Стас осторожно напомнил:
- У тебя ведь дочь есть.
- Дочь мне неродная, - глухо сказала Пашута. - И живет она с мальчонкой в последнюю проголодь. Девчонку мне отдала в учебу. Живет одна, без мужика. Это вся моя родня. Дальняя есть, но такая дальняя, что я ее плохо знаю. Нас у матери было четверо, в живых я одна. Все ненормально верно ведь, Стас Николаевич?
- Не паникуй. Куда твоя твердость девалась?
- Остатки при мне. И то много. С нею-то хуже. Она не для воровства, не для плутовства у меня, скорей в угол загонит.
Туман разошелся, света за окном стало больше, но оставался он серым, утомленным. Поддувал ветер. Яблонька томилась такой тоской, высветившись еще черней и корявей и поскребывая ветками по стеклу, что на нее было больно смотреть. Никак не могла затянувшаяся осень проломиться в зиму, никак не набирался сухой мороз, чтобы упал снег. Слишком заморилось все.
"Но земля, слава Богу, талая", - подумала Пашута. И опять стеснило ее надвигающимся днем: ничего она пока не добилась. А пора, пора...
- Ну, сделаю гроб, - спрашивал Стас, - и куда ты с ним? Дальше-то что? В какую контору, под какую печать? Это же все потребуется!
Пашута и здесь кивнула: потребовалось бы... Но не потребуется.
- Я тебе еще не все сказала. - И, говоря, смотрела на него пристально, не отводя глаз. Он упомянул о твердости - вот она, твердость. - Мне ничего не потребуется, Стас Николаевич. У нас не будет свидетельства о смерти, потому что не было прописки.
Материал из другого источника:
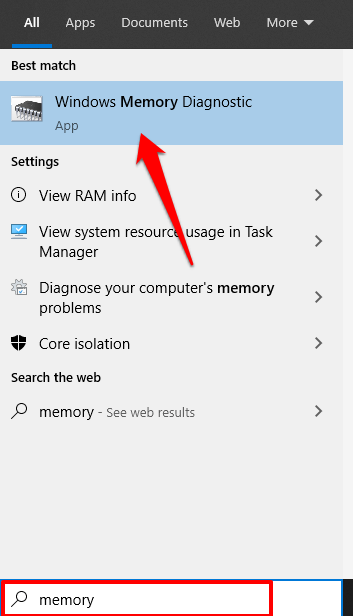 windows memory diagnostic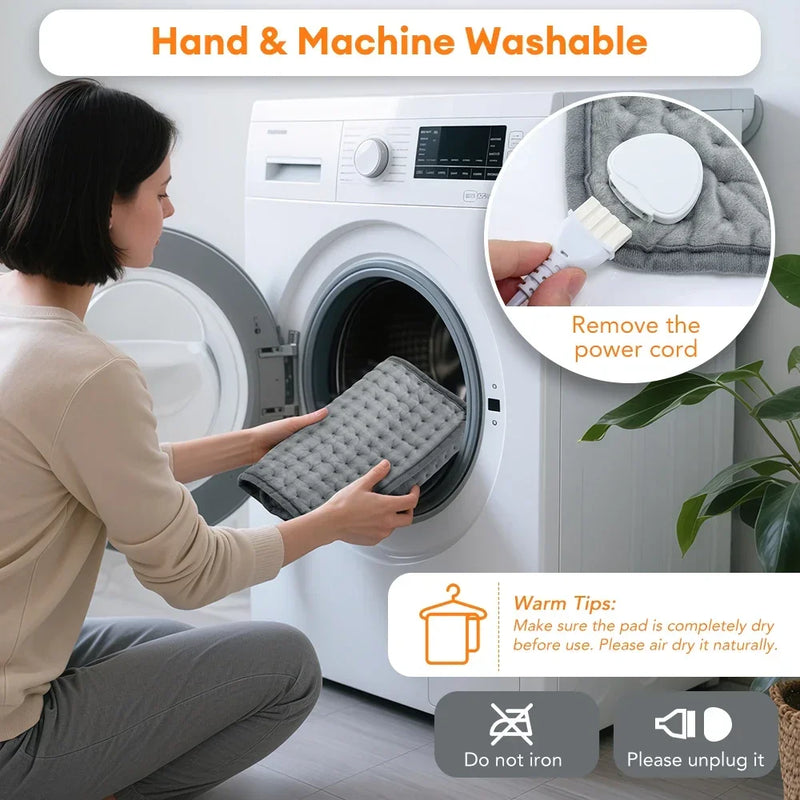 30*60cm Electric Heating Pads for Back Neck Shoulder Home Office Washable Winter Warm Blanket 4 Timer 9 Temperature Control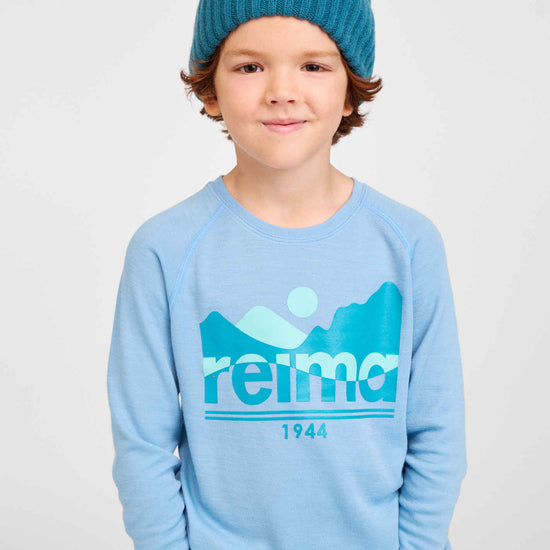 Maglietta a maniche lunghe in merino e lyocell Reima Viisas per bambini – Cloudy Blue – Immagine 4
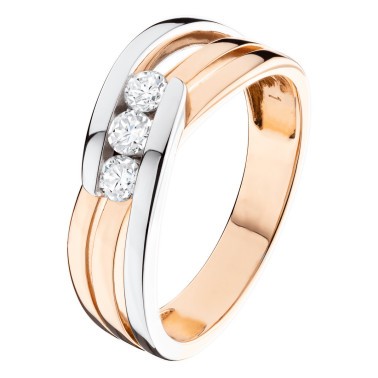 Bague Emy Les Poinçonneurs en or rose or blanc et trilogie de diamants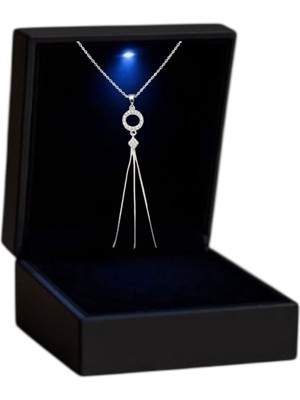 Anka Mücevherat Işıklı Kutuda 925 Ayar Gümüş Sallantılı Yuvarlak Kadın Kolye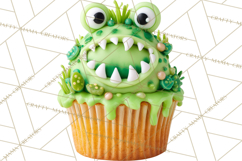 Halloween Monster Cupcake PNG, Cute Spooky Clipart Product Image 4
И здесь, наверное, можно добиться... За деньги теперь всего можно добиться. - Сделала паузу, говорящую, что не ей этого добиваться. И повторила: - Мне нужен гроб, Стас Николаевич. Я сама вырою могилу.
- Где?
- У нас за пустырем лес. Место сухое. И от меня недалеко.
На Стаса это произвело впечатление. Он поднялся, завис над столом на длинных руках.
- Но это же не похороны, Пашута. Это же - зарыть!.. - он сдержался, не стал продолжать.
- Зарыть, - согласилась она.
- Взять и зарыть?! Ты с ума сошла, Пашута! Ведь она у тебя русского житья была человек. А ты - зарыть!
Он перешел на шепот. На шепот гремящий.
- Дай Бог, чтобы тебя не зарыли, Стас Николаевич. А мы - ладно.